Unfortunately, it isn’t an uncommon problem. Lead is one of two leading home-traced health hazards in our country today. The second? That’s radon, a naturally occurring radioactive gas.
It doesn’t matter if you rent or own. People all across across our country, from New Jersey to Mississippi, and South Carolina to Washington D.C., have been hurt by these invisible dangers.
How Did Lead Become Such a Problem?
Before we knew lead was a danger, it was used in a ton of products. Not until the 1970s was it mandated that lead could not be used, first in gas, then in paint, and later in household plumbing fixtures.
It was a good move, but not soon enough to stop lead from contaminating soil in locations where it was used. Homes near busy roadways and manufacturing facilities may still have lead in the soil around them (not good for kids playing outside!).
Any home built before the 1978 legislation runs the risk of lead in paint. Loose paint chips can look like candy to kids because of the color. And, although the installation of lead water pipes was outlawed, many older homes still have them lead in pipes or soldering leading up to the home, pipes inside the home itself, or lead in interior brass plumbing fixtures. And some water districts stuggle with excessive lead and other contaminants in the water source itself.
Lead Is a National Problem
Millions of homes have higher than acceptable levels of lead in the water. In fact, it may surprise you to learn that as many as 274 water utilities serving 11.5 million consumers exceed EPA lead standards!

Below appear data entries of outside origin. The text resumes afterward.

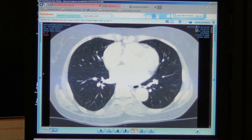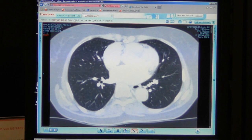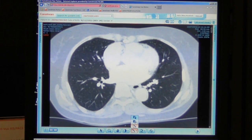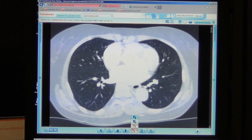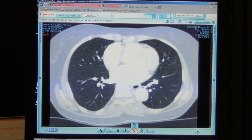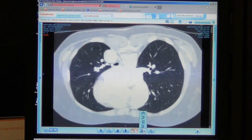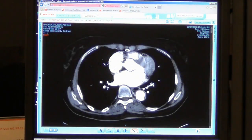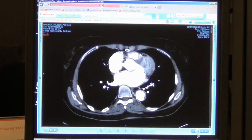Notice my DICOM header is at the top of each corner of the screen. I can also anonymize the study by hiding those. I can flip the image, reset it, or play cine mode.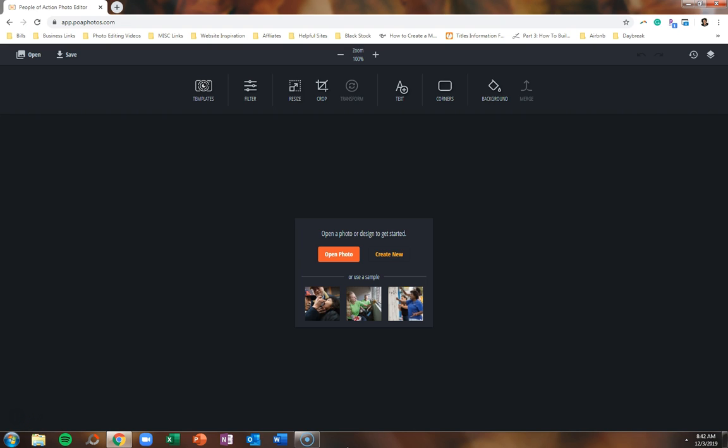If you are looking for a fun and easy way to create People of Action graphics on the go, look no further than the People of Action Photo Editor. Thank you so much to DGE Irvin Wright from District 7360 for connecting us with this application.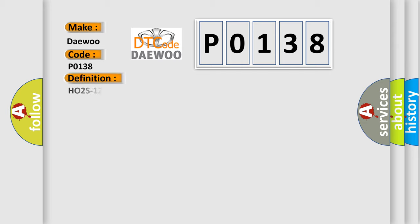The basic definition is HO2S12, bank 1, sensor 2, circuit high input.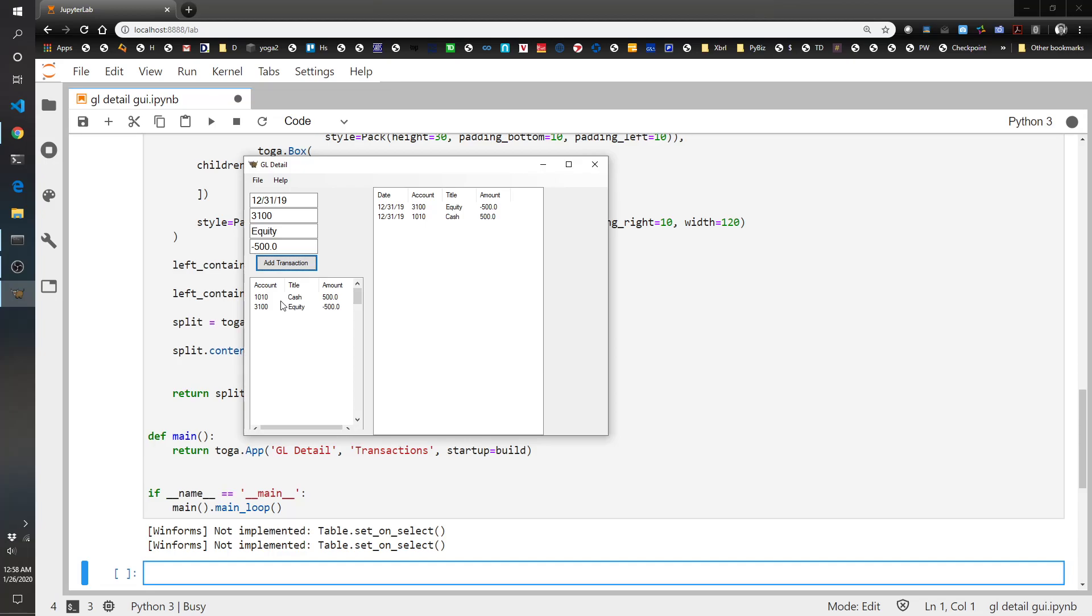So let's say we want to go ahead and buy some equipment with this cash. So we're going to take the 1010 cash and let's buy $150 worth of equipment. So reduce the cash and then see how it decreased down here. But up here, you just get that running ledger.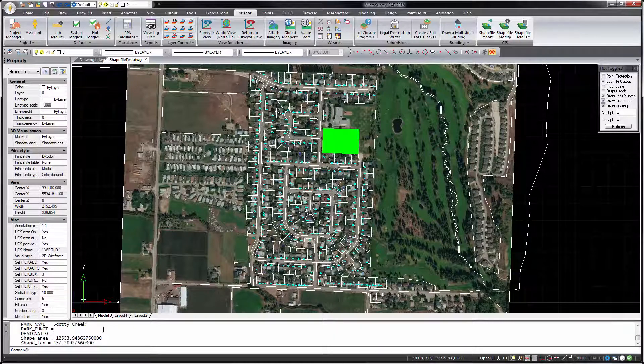Being able to import shapefiles into MicroSurvey CAD 2018 is fantastic, but there's a lot of potential here and we're going to continue to enhance and expand our shapefile capabilities in future updates. Stay tuned for more from MicroSurvey.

And, get this: More than a half-million U.S. kids under the age of six are suffering right now from lead poisoning.
Lead poisoning can cause permanent brain damage — damage that sometimes doesn’t show up until later in life, often in the form of learning disabilities and behavioral issues, including criminal behavior that impacts us all.
What About Radon?
Radon naturally occurs when elements, such as uranium in soil and rock, break down. It’s harmless…until it isn’t. Low levels pose no danger, but when those levels rise, radon becomes a carcinogen, and is the second leading cause of lung cancer.
Levels are most likely to become dangerous in poorly circulated home basements located in geographic regions where radon is more likely to form.
How Can You Protect Yourself?
There’s several things you can easily do, and your local REALTORS® are here to help:
- Run the tap before using water and remember, boiling water is not goint ot eliminate lead. In fact, it can actually increase lead concentration.
- If you’re concerned that your children may have been exposed to lead, you can ask to have them tested at your peditricans.
- Learn more about your local water source and any contaminents that may be present by looking up your Water District’s “Right to Know” report online.
- Hire an EPA approved inspector to test your home for lead in paint, the water, and for radon.
- Replace any lead pipes and fixtures, and install a water filtration system designed specifically for lead.
- Install fans and ventilation systems if radon is found.
And last, but not least, when you’re shopping for a home, you can rely on a local REALTOR® to help you find one that will be safe from these dangers. That’s because REALTORS® require sellers and landlords to provide both lead paint and radon disclosures containing valuable information. Ask your REALTOR® about other ways to protect yourself and your loved ones from the risks of lead and radon.
It’s one of many ways REALTORS® are helping to protect you, your home, and the American Dream!